# Jetzt reicht es - ab nach Alaska!



## Sockeye (18. Juli 2013)

Nee oder? Heut hat mich fast der Schlag getroffen... Zufällig hab ich mir die aktuellen Sonar-zählungen des Rotlachs Aufstieges am Kenai River in Alaska angesehen.

http://www.alaskaoutdoorjournal.com/Sonar/Charts/13krsock.gif

250.000 sind gestern in den Fluss und wollen rauf in die Laichgebiete. Die Fänge draußen im Cook Inlet versprechen noch viele weitere solcher Schübe...

Zweihundertfünfzigtausend.... das sind 1 Mio kg feinstes Rotlachs-Filet, die da hochschwimmen. Oder anderst ausgedrückt Eine Milliarde Suschis... pro Tag!

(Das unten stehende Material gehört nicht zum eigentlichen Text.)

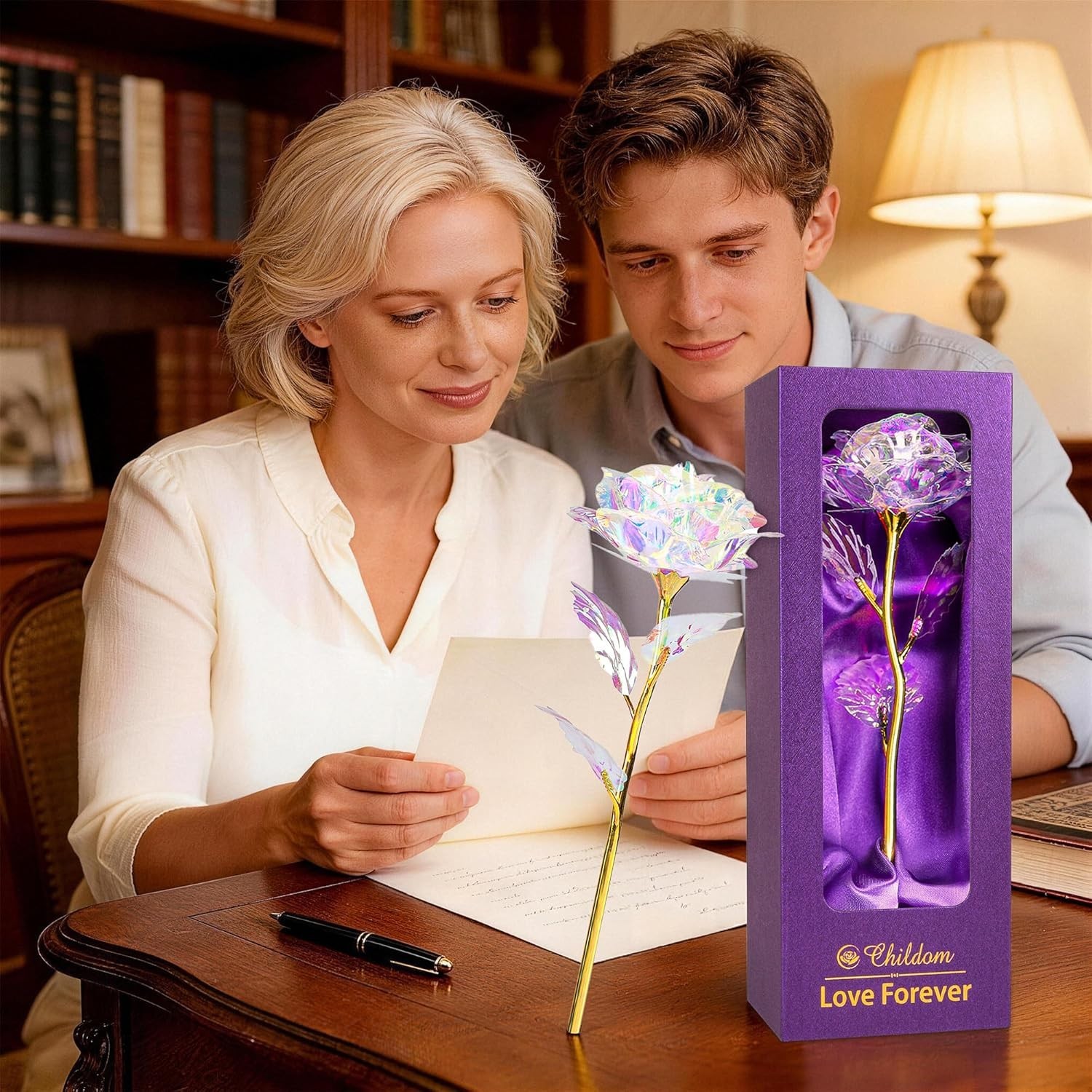 Everlasting Rainbow Rose Gift Box – Perfect for Mother’s Day & Special Occasions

Nee, jetzt is gut!... ich schnapp mir den nächsten Flieger und geh Sushi holen...

VG
Sockeye


----------



## Schneidi (18. Juli 2013)

*AW: Jetzt reicht es - ab nach Alaska!*



Sockeye schrieb:


> Nee oder? Heut hat mich fast der Schlag getroffen... Zufällig hab ich mir die aktuellen Sonar-zählungen des Rotlachs Aufstieges am Kenai River in Alaska angesehen.
> 
> http://www.alaskaoutdoorjournal.com/Sonar/Charts/13krsock.gif
> 
> ...



Verdammt!! Mein flug ist erst mitte august. Bin aber auvh nivht zum angeln da. Ne telerute ist trotzdem im koffer. Man weiß ja nie


----------



## ThomasL (18. Juli 2013)

*AW: Jetzt reicht es - ab nach Alaska!*

bei mir dauert's auch noch bis zum 20.8., dann ist mit den Roten eh nix mehr. Aber ein paar Silberne und Heilbutts sollten schon drinliegen.


----------



## Sockeye (18. Juli 2013)

*AW: Jetzt reicht es - ab nach Alaska!*

So, Flug ist gebucht. Leider schaff ich's erst nächste Woche Samstag...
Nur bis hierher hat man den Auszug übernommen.